A situation that may inadvertently degrade into a spin entry is a simulated engine failure introduced at an inappropriately low speed. No engine failure should ever be introduced below safe, intentional one-engineinoperative speed (VSSE). If no VSSE is published, use VYSE. The “necessity” of simulating engine failures at low airspeeds is erroneous. Other than training situations, the multiengine airplane is only operated below VSSE for mere seconds just after lift-off or during the last few dozen feet of altitude in preparation for landing.
For spin avoidance when practicing engine failures, the flight instructor should pay strict attention to the maintenance of proper airspeed and bank angle as the student executes the appropriate procedure. The instructor should also be particularly alert during stall and slow flight practice. Forward center-of-gravity positions result in favorable stall and spin avoidance characteristics, but do not eliminate the hazard.
When performing a VMC demonstration, the instructor should also be alert for any sign of an impending stall. The student may be highly focused on the directional control aspect of the maneuver to the extent that impending stall indications go unnoticed. If a VMC demonstration cannot be accomplished under existing conditions of density altitude, it may, for training purposes, be done utilizing the rudder blocking technique described in the following section.
As very few twins have ever been spin-tested (none are required to), the recommended spin recovery techniques are based only on the best information available. The departure from controlled flight may be quite abrupt and possibly disorienting. The direction of an upright spin can be confirmed from the turn needle or the symbolic airplane of the turn coordinator, if necessary. Do not rely on the ball position or other instruments.

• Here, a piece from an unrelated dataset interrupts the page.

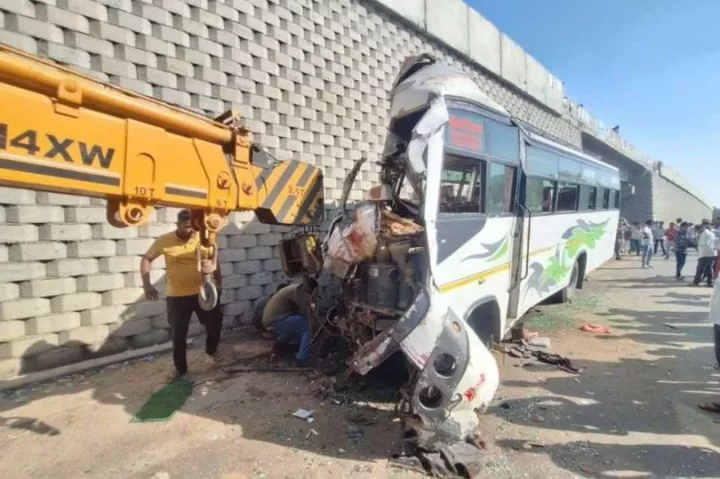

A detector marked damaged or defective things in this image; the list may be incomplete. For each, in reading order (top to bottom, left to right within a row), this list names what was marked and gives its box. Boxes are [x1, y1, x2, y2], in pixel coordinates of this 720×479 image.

torn bus body panel [278, 53, 498, 458]
wrecked white bus [278, 55, 620, 468] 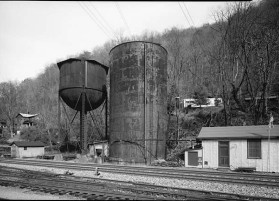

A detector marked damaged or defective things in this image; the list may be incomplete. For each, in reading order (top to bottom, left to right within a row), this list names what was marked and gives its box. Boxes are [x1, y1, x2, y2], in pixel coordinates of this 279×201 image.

If a spin is entered, most manufacturers recommend immediately retarding both throttles to idle, applying full rudder opposite the direction of rotation, and applying full forward elevator/stabilator pressure (with ailerons neutral). These actions should be taken as near simultaneously as possible. The controls should then be held in that position. Recovery, if possible, will take considerable altitude. The longer the delay from entry until taking corrective action, the less likely that recovery will be successful.